Erinnerungen an die 2008 verstorbene Annemarie Renger und ihr Engagement an der Lippe

Es war gerade Herbstwoche, als Engelbert Sander im Oktober 1985 seinen politischen Freunden Annemarie Renger als künftige Wahlkreisabgeordnete empfahl. Zuvor hatte der ursprünglich von den Lippstädter Sozialdemokraten als Nachfolger von Engelbert Sander vorgeschlagene Eike Hovermann mitgeteilt, bei der Bundestagswahl im Januar 1987 nicht antreten zu wollen.

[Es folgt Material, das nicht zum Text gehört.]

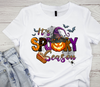 Vibrant 'It's a Spooky Season' Halloween DTF design on a white t-shirt - LuxuryDTF.com
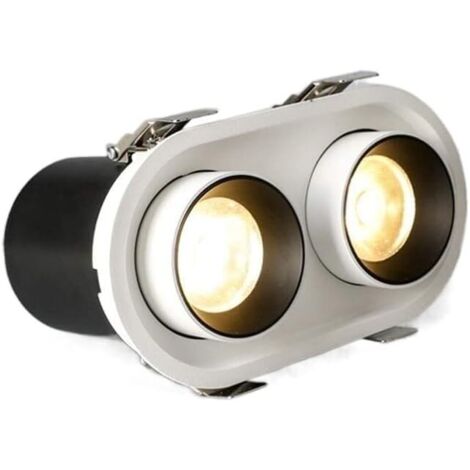 LED-Einbaustrahler 2x1 2W Doppelkopf-LED-Deckenleuchte mit Blendschutz, hohe Helligkeit, COB-Strahler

Andere Ortsvereine favorisierten den damaligen Vorsitzenden des SPD-Unterbezirks und ehrenamtlichen Bürgermeister von Welver, Klaus Theo Rohe, als ihren Volksvertreter in Bonn. Mit dem vom Parlamentarier Engelbert Sander eingefädelten Coup war plötzlich eine völlig neue Lage entstanden.

Coup eingefädelt:Der damalige Bundestagsabgeordnete und im April 2004 verstorbene Gewerkschaftler Engelbert Sander hatte im Herbst 1985 die Idee, die Bundestagsvizepräsidentin Annemarie Renger für eine Kandidatur der SPD im heimischen Wahlkreis einzuladen. Das Foto ist im Dezember 1985 bei der Jubilarehrung des Lippstädter SPD-Ortsvereins im Lokal Ortwein entstanden.

Großer Auflauf von Journalisten

Für Annemarie Renger und Klaus-Theo Rohe begann damit ein spannender parteiinterner Wahlkampf. Auf der denkwürdigen SPD-Konferenz in Wickede am 31. Januar 1986 siegte der Welveraner vor der SPD-Frau mit Wohnsitz am Rhein. Der Dritte im Bunde, der von der SPD in Lippetal aufgebotene Ratsherr Josef Neumann (seit Mai 2010 als direkt gewählter Vertreter des Wahlkreises Wuppertal III und Solingen II Mitglied im NRW-Landesparlament) hatte keine Chance, ihm blieb nur ein Achtungserfolg. Weder vor noch nach Wickede hat es je einen so großen Auflauf von Journalisten bei einem kreisweiten SPD-Treffen gegeben. Die Schar der Medienleute reichte vor 30 Jahren im Wickeder Bürgerhaus vom Korrespondenten des Westdeutschen Rundfunks über den Parlamentsredakteur des Bonner Generalanzeigers bis zum Büroleiter der Süddeutschen Zeitung in Bonn.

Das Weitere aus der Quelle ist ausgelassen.